> **Task**
Go through the data below and transcribe it exactly. Omit the images.

> **Source data**
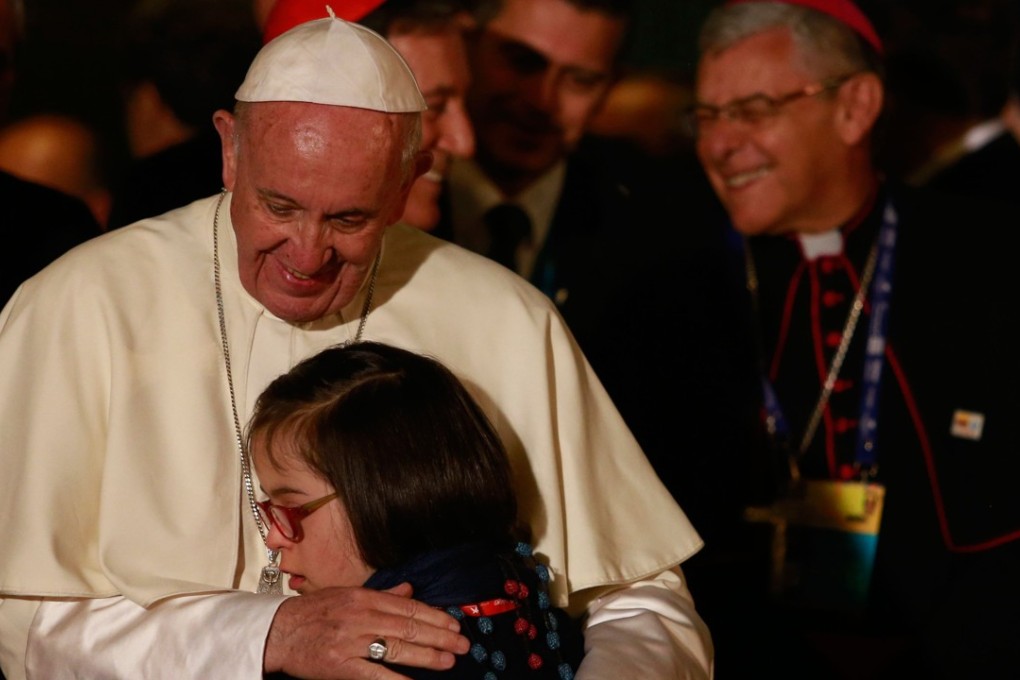 Pope Francis hugs a girl during a ceremony at the Nunciature in Bogota. Photo: AFP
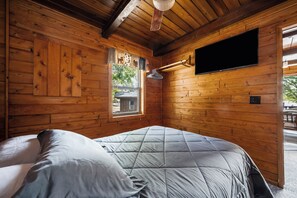 A wooden cabin room with a bed, a window, and a mounted television.
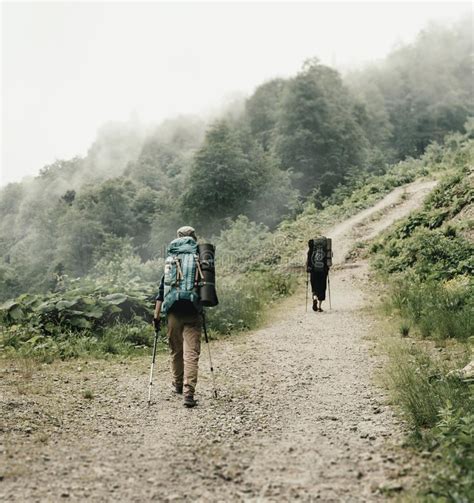 Two Hikers Walking On The Path In Mountains Stock Photo Image Of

> **Output below**
 Pope Francis hugs a girl during a ceremony at the Nunciature in Bogota. Photo: AFP
 A wooden cabin room with a bed, a window, and a mounted television.
 Two Hikers Walking On The Path In Mountains Stock Photo Image Of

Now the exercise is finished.